During the October 2017 meeting of the University of Wisconsin System Board of Regents, the higher education governing body adopted a system-wide policy that sought to discipline students who were exercising their constitutionally-protected right to protest. Specifically, system leadership adopted language stating that students would be suspended if they were found to have twice engaged in violence or other disorderly conduct that disrupts the subjectively-determined free speech of other people. Although, neither “violence” nor “other disorderly conduct” were clearly defined. Further, the policy recommended expulsion as an appropriate punishment for students found to have engaged in the aforementioned activities at least three times. The decision[1] came as a pre-emptive antecedent to legislation first introduced by Republicans and preliminarily debated in the Wisconsin State Assembly during the spring 2017 legislative session. In early 2018, however, the Assembly also passed its legislation. Thus, individual University of Wisconsin campuses became apparatuses for enforcing protest policy violations as primarily determined by supervisory governance structures with competing interests. Most notably, such policies were guided by model legislation drafted and lobbied by the Goldwater Institute (see Kurtz, Manly, & Butcher, 2017), a right-leaning conservative think tank. Goldwater’s interests in free speech, though not explicit, have been to (re)establish a discriminatory precedent in higher education by suppressing and punishing political dissent. Now, in Wisconsin and several other states, the structural overlap of campus, system, and state-level policies are limiting the agency of student activists unfairly targeted for suspension or expulsion.

Study Overview

This paper summarizes pilot-study research undertaken by the Protest Policy Project (PPP), a national postsecondary effort that aims to critically assess, analyze, and counter-legislate policies aimed at punishing students participating in campus protest. In addition to voting, campus protest and activism are considered critical dimensions of student political engagement and participatory democracy (Morgan & Davis, 2019; Rhoads, 1998). The pilot study primarily examined policies related to free speech and student protest within the context of Wisconsin’s legislative entities, which included the Wisconsin State Assembly, University of Wisconsin Board of Regents, and institutions separate from the University of Wisconsin System. More specifically, policies related to university speech codes, and those intended to punish students engaged in organized resistance to the presence of hate speech on campus, were assessed.
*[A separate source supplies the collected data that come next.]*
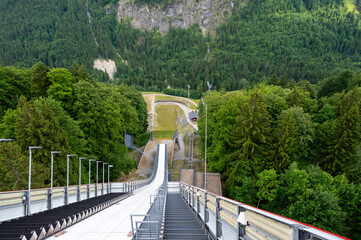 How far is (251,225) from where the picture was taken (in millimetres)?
4574

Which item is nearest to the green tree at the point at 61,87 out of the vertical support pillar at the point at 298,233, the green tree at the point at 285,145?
the green tree at the point at 285,145

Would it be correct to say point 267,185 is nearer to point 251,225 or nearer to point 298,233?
point 251,225

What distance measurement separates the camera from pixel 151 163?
A: 188 feet

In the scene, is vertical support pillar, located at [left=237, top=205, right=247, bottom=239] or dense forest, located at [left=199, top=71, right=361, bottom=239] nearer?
vertical support pillar, located at [left=237, top=205, right=247, bottom=239]

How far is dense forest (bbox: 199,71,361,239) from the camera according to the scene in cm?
2727

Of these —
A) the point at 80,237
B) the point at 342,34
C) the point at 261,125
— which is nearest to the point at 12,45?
the point at 261,125

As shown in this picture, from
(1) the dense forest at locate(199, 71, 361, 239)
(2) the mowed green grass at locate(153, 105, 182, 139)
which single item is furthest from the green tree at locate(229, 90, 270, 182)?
(2) the mowed green grass at locate(153, 105, 182, 139)

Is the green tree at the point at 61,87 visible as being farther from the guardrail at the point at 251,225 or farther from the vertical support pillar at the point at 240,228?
the vertical support pillar at the point at 240,228

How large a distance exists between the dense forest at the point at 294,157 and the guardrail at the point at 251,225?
23.0m

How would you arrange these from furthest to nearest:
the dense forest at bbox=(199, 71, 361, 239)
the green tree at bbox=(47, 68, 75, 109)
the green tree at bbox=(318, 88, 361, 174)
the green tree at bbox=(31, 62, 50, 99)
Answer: the green tree at bbox=(31, 62, 50, 99) < the green tree at bbox=(47, 68, 75, 109) < the green tree at bbox=(318, 88, 361, 174) < the dense forest at bbox=(199, 71, 361, 239)

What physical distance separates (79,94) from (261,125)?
2672 cm

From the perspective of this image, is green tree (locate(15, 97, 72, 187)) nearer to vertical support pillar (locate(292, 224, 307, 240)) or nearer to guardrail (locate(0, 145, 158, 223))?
guardrail (locate(0, 145, 158, 223))

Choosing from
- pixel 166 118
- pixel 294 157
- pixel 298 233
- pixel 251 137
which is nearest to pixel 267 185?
pixel 251 137

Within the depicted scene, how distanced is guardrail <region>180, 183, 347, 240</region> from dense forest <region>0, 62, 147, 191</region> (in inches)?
847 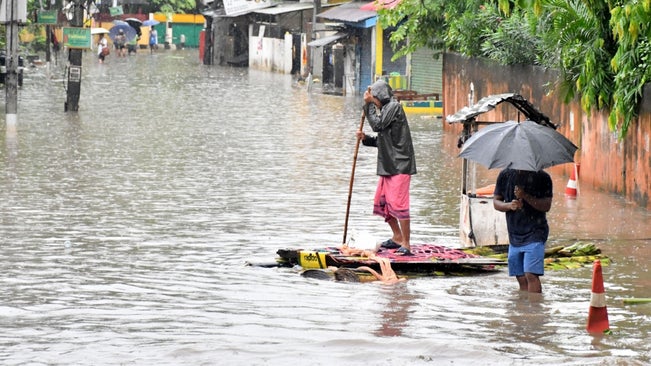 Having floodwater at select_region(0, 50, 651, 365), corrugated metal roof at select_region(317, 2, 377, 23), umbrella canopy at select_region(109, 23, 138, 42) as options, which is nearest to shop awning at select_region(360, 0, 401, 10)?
corrugated metal roof at select_region(317, 2, 377, 23)

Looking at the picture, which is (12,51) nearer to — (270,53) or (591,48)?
(591,48)

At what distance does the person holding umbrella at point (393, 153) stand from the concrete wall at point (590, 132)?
5239mm

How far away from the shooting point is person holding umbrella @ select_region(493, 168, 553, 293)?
35.0 ft

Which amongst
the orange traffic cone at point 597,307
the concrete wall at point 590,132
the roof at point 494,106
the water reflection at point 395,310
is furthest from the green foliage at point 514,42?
the orange traffic cone at point 597,307

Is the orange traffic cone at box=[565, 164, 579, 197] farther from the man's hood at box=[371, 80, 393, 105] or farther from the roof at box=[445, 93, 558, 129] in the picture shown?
the man's hood at box=[371, 80, 393, 105]

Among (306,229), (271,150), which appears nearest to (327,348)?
(306,229)

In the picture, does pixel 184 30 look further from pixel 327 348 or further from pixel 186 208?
pixel 327 348

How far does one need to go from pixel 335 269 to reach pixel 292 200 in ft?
18.8

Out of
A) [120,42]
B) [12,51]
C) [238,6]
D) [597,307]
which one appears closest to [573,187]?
[597,307]

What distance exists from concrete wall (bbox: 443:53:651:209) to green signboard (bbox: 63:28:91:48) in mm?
10242

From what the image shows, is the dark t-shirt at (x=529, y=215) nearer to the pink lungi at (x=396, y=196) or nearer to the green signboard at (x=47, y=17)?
the pink lungi at (x=396, y=196)

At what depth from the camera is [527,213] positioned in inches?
421

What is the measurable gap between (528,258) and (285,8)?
52488mm

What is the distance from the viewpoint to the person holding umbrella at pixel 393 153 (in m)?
12.8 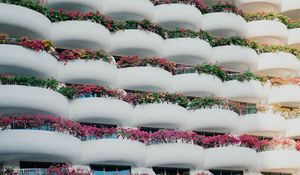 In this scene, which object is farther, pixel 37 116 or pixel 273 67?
pixel 273 67

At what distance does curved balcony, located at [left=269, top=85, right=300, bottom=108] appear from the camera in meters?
38.7

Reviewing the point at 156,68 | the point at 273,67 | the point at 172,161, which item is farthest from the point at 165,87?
the point at 273,67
Given the (re)consideration of such policies by various state legislatures, higher education systems, and institutional governing bodies, PPP sought foremost to understand how such policies, broadly conceived, initiate and sustain an interlocking suppressive relationship with advocates, activists, and allies for social justice on campus. Analyses were derived from a broader case study and textual analyses (Merriam, 1998; Stake, 1995; Yin, 2002) of system, state, and institutional policy documents (e.g., Wisconsin Assembly Bill 299), free speech policy briefs, news stories (e.g., those published in “The Chronicle of Higher Education” and “Inside Higher Ed”), and semi-structured interviews with student activists within the University of Wisconsin System. The conceptual models that emerged identify how policies aimed at certain types of student protestors (and their tactics of disruption) were developed as well as the policies’ constituencies of potential impact. A critical race analysis was used to identify how the interlocking nature of these policies disproportionately suppressed, criminalized, and punished racially minoritized students engaged in sociopolitical resistance and disruption.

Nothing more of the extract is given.